Bu amaçla Barzanici örgütler kantonların tasfiyesini talep etmiş, bunlar yerine bir merkezi yönetim kurulmasını savunmuşlardır. Bu amaçla Barzanici örgütler YPG/J sisteminin yerini yeni bir silahlı kuvvetler yapısına bırakmasında ısrar etmiştir. Bu amaçla peşmergenin Kobani’ye sokulması, YPG’nin itirazlarına rağmen kabul ettirilmiştir. Bütün bunlar Rojava’yı tehdit ediyor!

ABD ile Barzani’nin bu manevrası, Tayyip Erdoğan ve AKP hükümetini çok rahatsız etmiştir. Rojava’yı başından itibaren kendi hegemonya hayalleri için bir tehdit olarak gören AKP hükümeti, kendi yapamadığı kirli işi DAİŞ’ten bekliyor, “Kobani düştü, düşecek” düşünü görerek Rojava’nın büyük bir darbe yiyeceğini ümit ediyordu. Bu gelişme Kobani’nin ayakta kalmasını sağlayarak Tayyip Erdoğan ve Ahmet Davutoğlu’nu bir kez daha ayazda bırakmıştır! Şimdi AKP hükümeti durumu yeniden kendi istediği doğrultuya çevirebilmek için Özgür Suriye Ordusu’nun (ÖSO) birliklerinin Kobani’nin işgaline katılmasını dayatmıştır. Yukarıda sayılan sorunlara bir de bu katılırsa Rojava’nın geleceği iyice kararıyor. PYD-YPG, ÖSO birliklerini kabul etmemekte bu yüzden uzun süre haklı olarak diretti. Peşmergenin sayısının düşürülmesini sağlamaya çalıştı. Kantonların tasfiyesine karşı direniyor. YPG’yi Rojava’nın silahlı gücü olarak savunuyor.

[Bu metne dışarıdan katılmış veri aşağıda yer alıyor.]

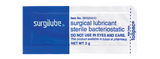 Surgilube surgical lubricant sterile packet, single-use, 3g, blue and white packaging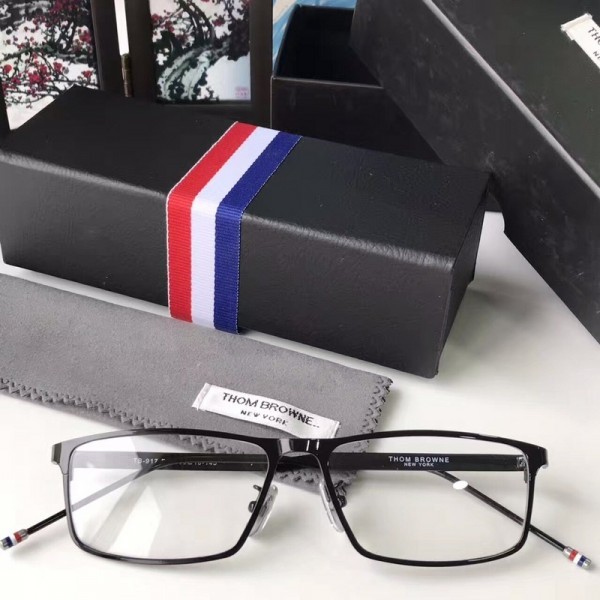 Men's Women's Thom Browne TB917 Square Glasses Black Frame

Rojava’yı DAİŞ’e karşı savunmak yetmez. ABD ile DAİŞ arasındaki savaş bir teröristler düellosudur. Rojava kendini ayakta tutmak için çeşitli anlarda değişik işbirliklerine başvurabilir. Ama ABD ile Barzani’nin Rojava’nın ilerici karakterini bütünüyle ortadan kaldıracak manevralarına karşı da mücadele edilmesi gerekir.

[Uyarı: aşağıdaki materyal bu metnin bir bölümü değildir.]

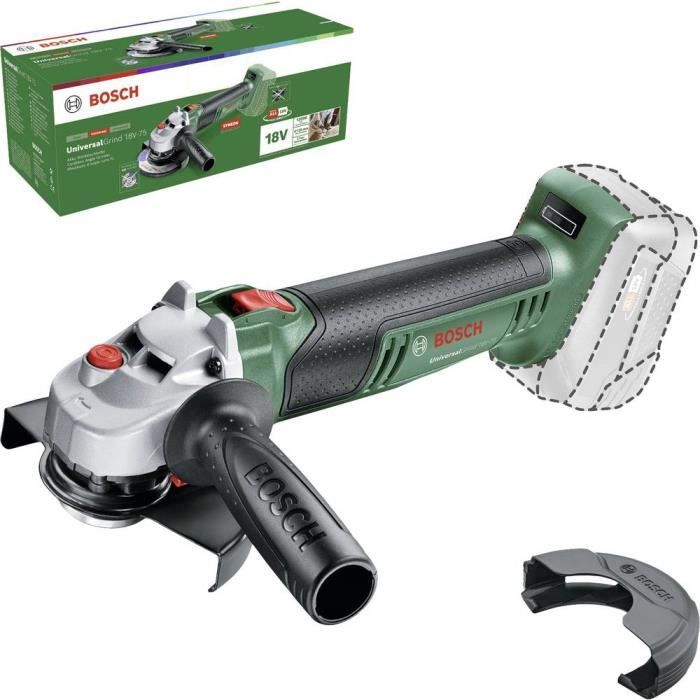 Meuleuse angulaire - BOSCH - UniversalGrind 18V-75 - 125mm - Sans fil - 750W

Devrimci İşçi Partisi, en başta kendi ülkesinin hâkim sınıflarının temsilcisi olan AKP hükümetine karşı mücadele ederek, işçi sınıfını ve onun müttefiklerini hükümetin karşısında bir güç olarak örgütlemeye çalışarak Rojava’nın ayakta kalmasına destek olmaya çalışacaktır. Ayrıca, Kobani serhildanının Kürt emekçi ve yoksul halkında ve en çok gençliğinde varlığını ortaya koyduğu devrimci dinamiğe Türkiye’nin Batısından olumlu bir yanıt verilmesi için elinden geleni yapacaktır. Gezi’nin “çapulcu”larına, Kürt hareketinin ve halkının bugün Ortadoğu’da tekfirciliğin en kararlı karşıtı olduğunu ve laikliği en güçlü biçimde onların savunabileceğini, bu yüzden Kürt halkının “çapulcu”ların kardeşi olduğunu anlatmaya çalışacaktır. İşçi sınıfını kapitalizmin vahşi saldırılarına karşı mücadele içinde örgütlerken Kürt halkının mücadelesinin işçilerin ve emekçilerin dostu olduğunu izah edecektir.

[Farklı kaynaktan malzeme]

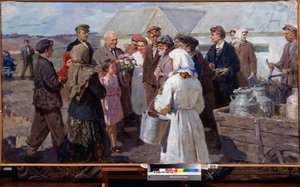 Bezoek van premier N. Chroesjtsjov aan de Stavropol Krai, eind jaren 1950 door Constance Walton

Buna paralel olarak DİP enternasyonalist görevlerini bir kenara bırakmaksızın Rojava’nın DAİŞ tarafından ele geçirilmesine karşı Kobani halkına elinden gelen desteği verecek, ama aynı zamanda ABD, Türkiye’de AKP hükümeti ve Barzani’nin Rojava’yı askeri yöntemlerle değil, yumuşak yöntemlerle ve siyaset yoluyla tasfiyesine karşı mücadele eden Kürt halkı ve gençliğinin yanında yer alacaktır. DİP, kurulmuş olan kanton sisteminin bazı sorunlar taşıdığı kanısında olsa da, bugün kanton sisteminin gerici Barzanici güçlerce tasfiye çabası karşısında bu sistemin bir ikili iktidar olanağı olarak savunulmasını destekleyecektir.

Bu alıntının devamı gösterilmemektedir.